Life in 2050
- Book cover for English version
- Author: Ulrich Eberl
- Language: German English
- Publisher: Beltz & Gelberg
- Publication date: 2011
- Pages: 240
- ISBN: 978-3-407-75357-1

= Life in 2050 =

Book by Ulrich Eberl

Life in 2050 is a 2011 futurology book by Ulrich Eberl. The book deals with the effects that climate change, peak oil and the 2000s energy crisis has on the year of the mid-21st century.

This book is intended primarily for students, young professionals, university professors and politicians.

==Summary==
According to Eberl, computers would act as medical assistants. Robots may become household servants to the higher class as well as middle class, electric cars may develop an entire sensory system composed of several sensory organs, supercomputers may shrink down in size to the size of peas, vertical farming may allow farms to appear in large urban centers (utilizing specially made skyscrapers as energy-efficient farms), and virtual universities may exist online for everyone to access due to their relative lack of entry requirements; relegating the brick-and-mortar university as an "elitist status symbol." Trends in business, science and politics may lead the way for breathtaking innovations to take place.

China will become the biggest economy; picking up slack from the sagging American economy. Economy prosperity will continue in Brazil, Russia, India, and China and the N-11 countries.

Buildings may become energy traders instead of being merely energy consumers. Power plants may become reality in desert regions like the Sahara and the Mojave Desert in the Southwestern United States. Seven billion people will live in urban areas by 2050; vastly outnumbering rural people. There will be more senior citizens than young people (between the ages of 12 and 17) and children (people under the age of 12).

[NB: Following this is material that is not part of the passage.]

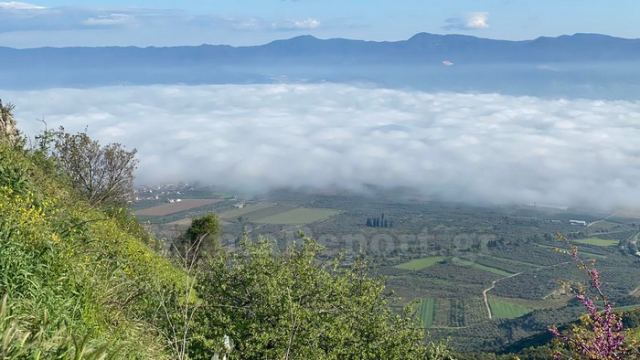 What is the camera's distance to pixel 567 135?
191 meters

Wind power, in addition to solar power, hydrogen and biomass may eventually replace petroleum-based products as a universal energy carrier.

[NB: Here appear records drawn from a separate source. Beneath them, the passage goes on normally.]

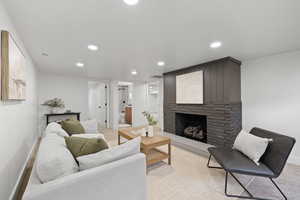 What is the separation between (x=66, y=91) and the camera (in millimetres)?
4789

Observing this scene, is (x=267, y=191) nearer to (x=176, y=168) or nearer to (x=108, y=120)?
(x=176, y=168)

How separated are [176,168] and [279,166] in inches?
55.5

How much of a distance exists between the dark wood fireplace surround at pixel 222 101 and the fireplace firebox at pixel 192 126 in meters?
0.40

Remote work may become possible from "smart apartments" that can recognize a person's face and even tell what the weather is going to be like outside. Traffic lights and stop signs may disappear by 2050 because automobiles will gain the ability to communicate with each other. According to Patrick Tucker of the World Future Society, individual automobile ownership is becoming a hassle and vehicle cooperatives may solve the issues involved in owning a single vehicle. Interconnectedness may advance to the point where people may even not have to carry a phone. The communication system would be present on just a glass sheet or something more advanced than that also. This may result in no further need for communication towers.